• EXERCISE REQUIREMENTS
Would you please print exactly the lines that run from the one with "My body is my" to the last line of the data, both included, without any pictures?

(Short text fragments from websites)
· · · ·
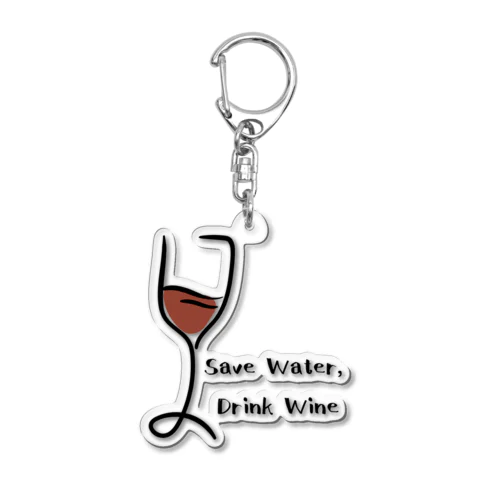 Save Water, Drink Wine アクリルキーホルダー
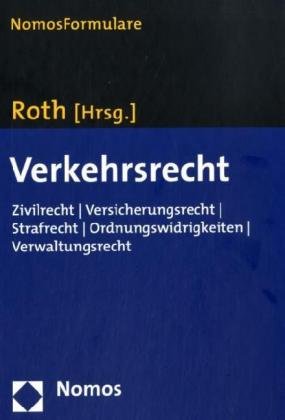 Verkehrsrecht: Zivilrecht - Versicherungsrecht - Strafrecht - Ordnungswidrigkeiten - Verwaltungsrecht. Formularbuch Law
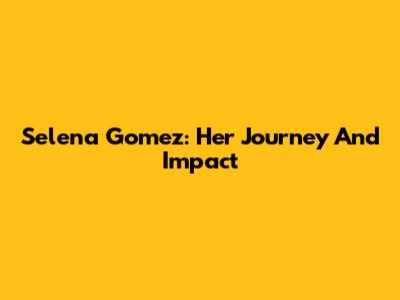Selena Gomez: Her Journey And Impact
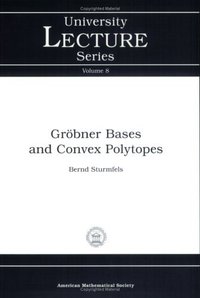 Book Cover for Gröbner Bases and Convex Polytopes by Bernd Sturmfels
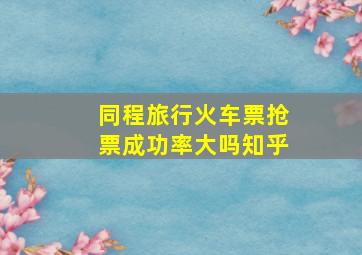 同程旅行火车票抢票成功率大吗知乎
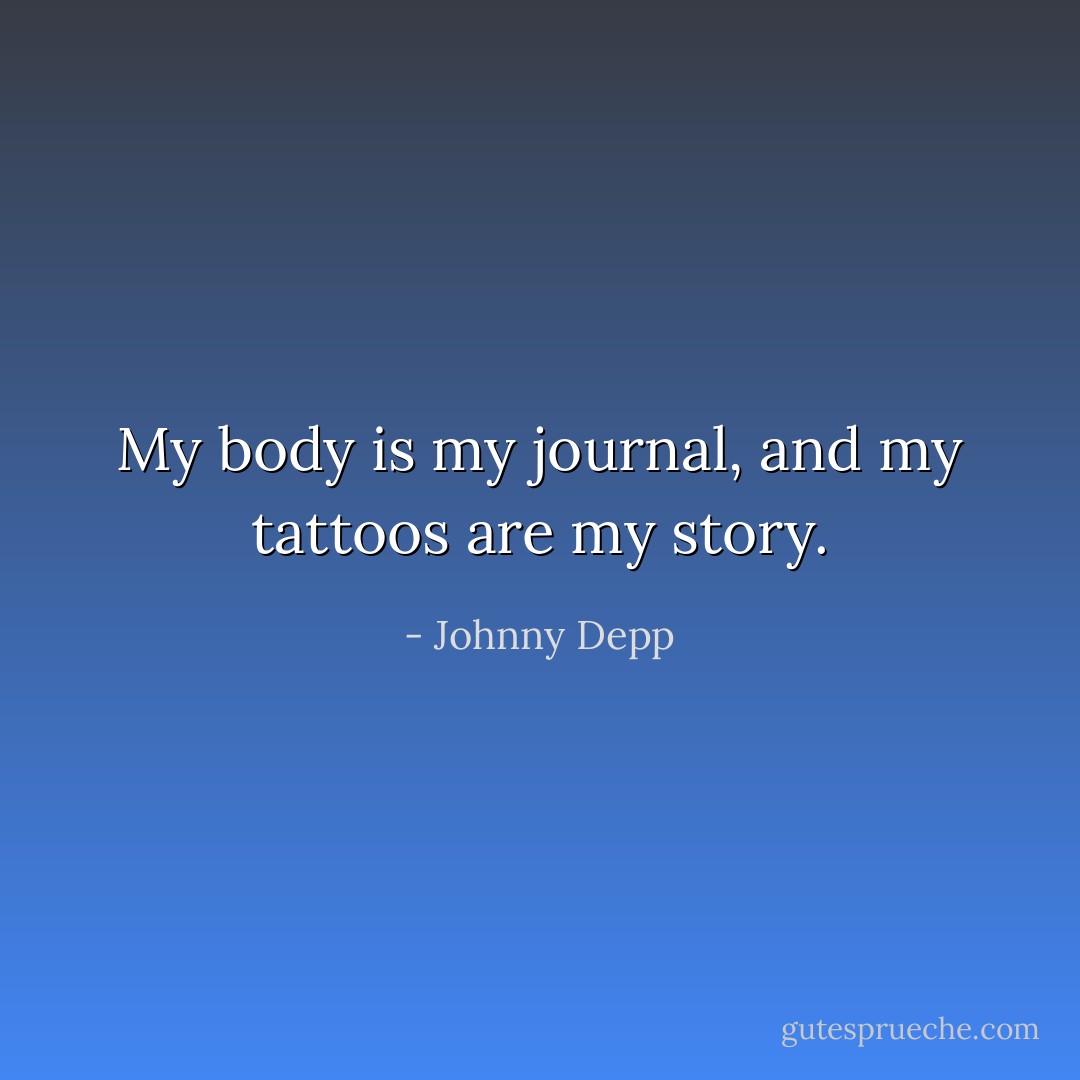 My body is my journal, and my tattoos are my story. - Johnny Depp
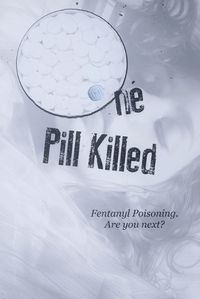 Cover image for One Pill Killed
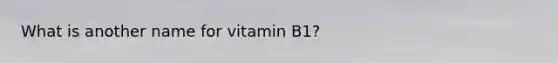 What is another name for vitamin B1?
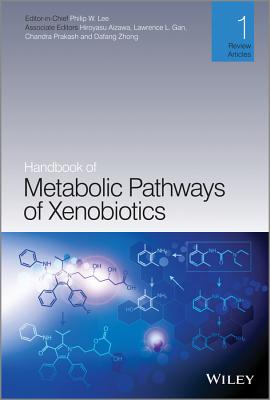 Handbook of Metabolic Pathways of Xenobiotics - Lee, Philip (Editor), and Aizawa, Hiroyasu (Editor), and Gan, Lawrence (Editor)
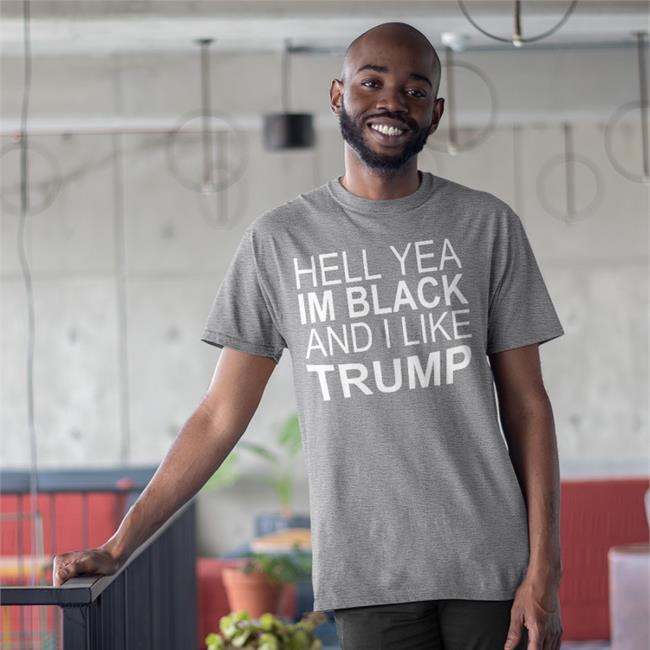 Maga Republicans Hell Yeah, I’M Black And I Like Trump Hoodied Sweatshirt Black
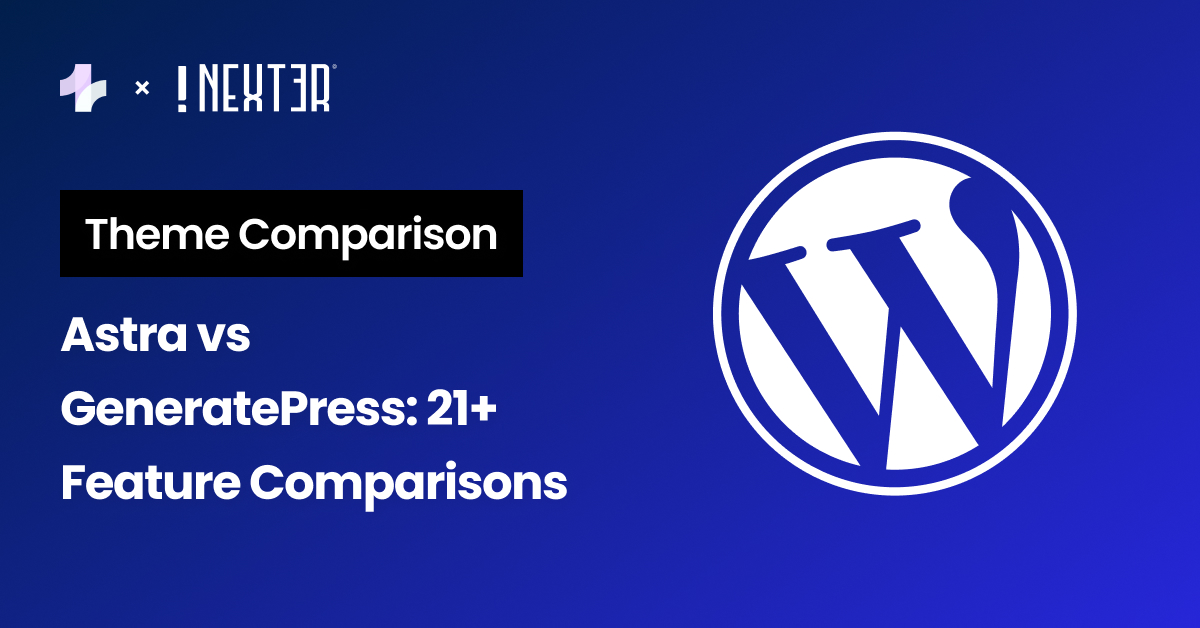 Astra vs GeneratePress 21 Feature Comparisons - Astra vs GeneratePress: 21+ Feature Comparisons
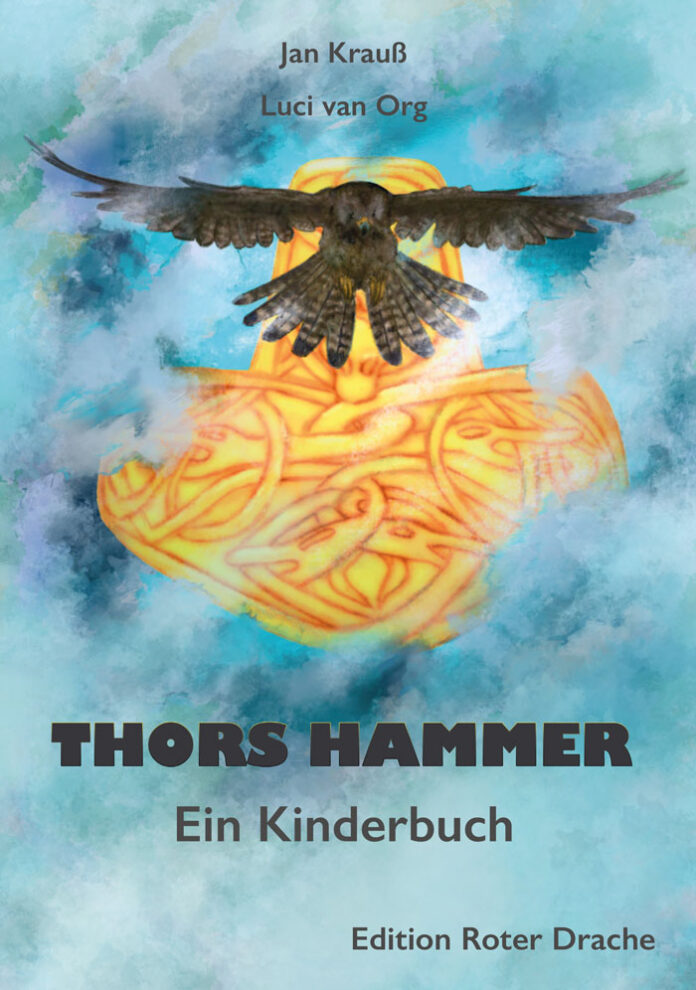 Thors Hammer - Ein Kinderbuch, Jan Krauß & Luci van Org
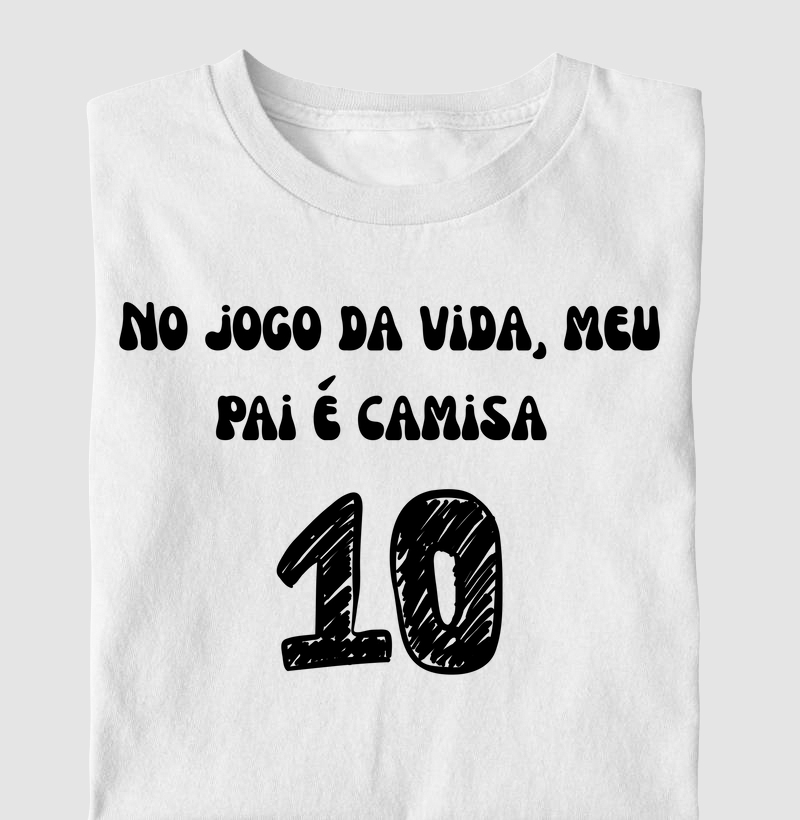 No jogo da vida, meu pai é camisa 10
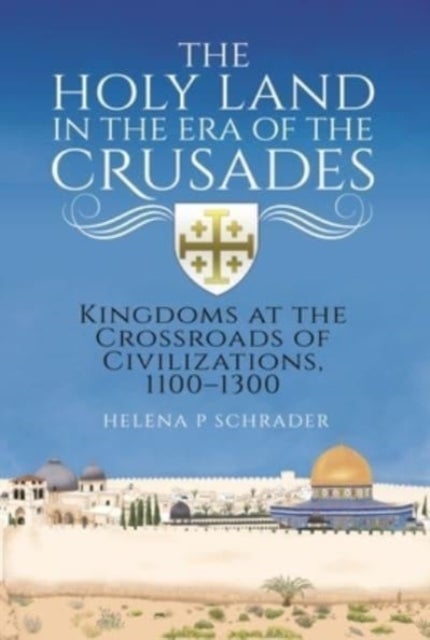 Bilde av The Holy Land In The Era Of The Crusades Av Helena P Schrader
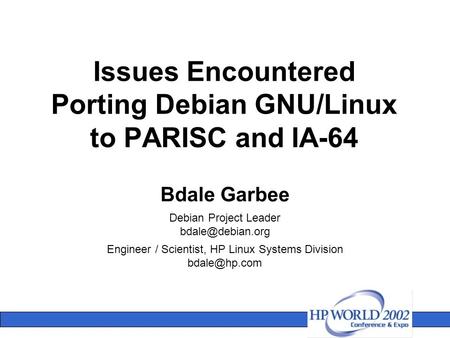 Issues Encountered Porting Debian GNU/Linux to PARISC and IA-64 Bdale Garbee Debian Project Leader Engineer / Scientist, HP Linux Systems.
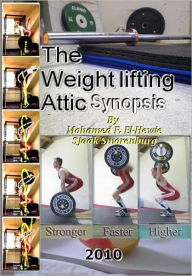 Title: The Weightlifting Attic Synopsis, Author: Mohamed F. El-Hewie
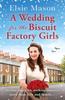 The A Wedding for the Biscuit Factory Girls : A Hopeful and Uplifting Saga To Curl Up with This Christmas Book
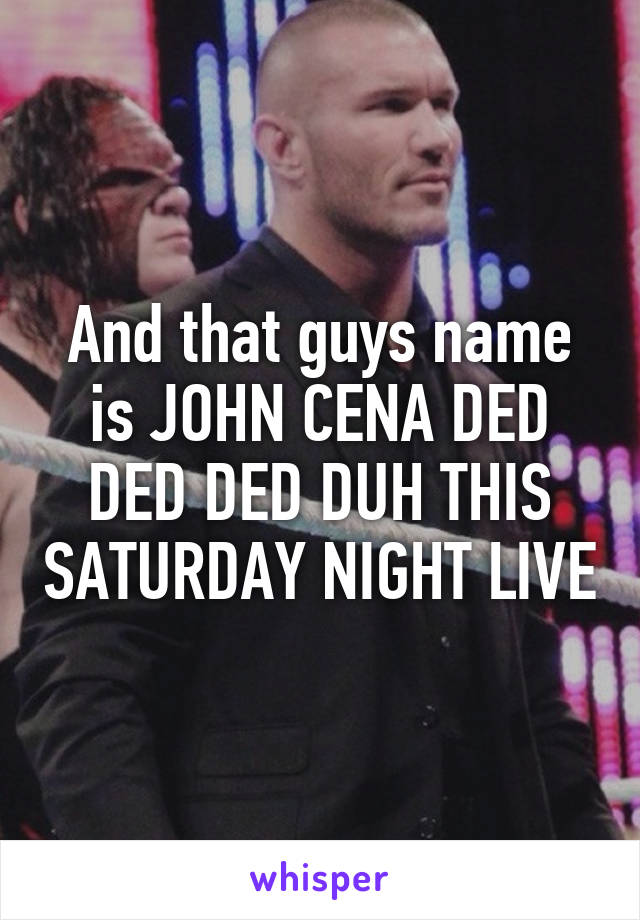 And that guys name is JOHN CENA DED DED DED DUH THIS SATURDAY NIGHT LIVE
· · · ·
• ANSWER SECTION
 My body is my journal, and my tattoos are my story. - Johnny Depp
 Cover image for One Pill Killed
 What is another name for vitamin B1?
 Handbook of Metabolic Pathways of Xenobiotics - Lee, Philip (Editor), and Aizawa, Hiroyasu (Editor), and Gan, Lawrence (Editor)
 Maga Republicans Hell Yeah, I’M Black And I Like Trump Hoodied Sweatshirt Black
 Astra vs GeneratePress 21 Feature Comparisons - Astra vs GeneratePress: 21+ Feature Comparisons
 Thors Hammer - Ein Kinderbuch, Jan Krauß & Luci van Org
 No jogo da vida, meu pai é camisa 10
 Bilde av The Holy Land In The Era Of The Crusades Av Helena P Schrader
 Issues Encountered Porting Debian GNU/Linux to PARISC and IA-64 Bdale Garbee Debian Project Leader Engineer / Scientist, HP Linux Systems.
 Title: The Weightlifting Attic Synopsis, Author: Mohamed F. El-Hewie
 The A Wedding for the Biscuit Factory Girls : A Hopeful and Uplifting Saga To Curl Up with This Christmas Book
 And that guys name is JOHN CENA DED DED DED DUH THIS SATURDAY NIGHT LIVE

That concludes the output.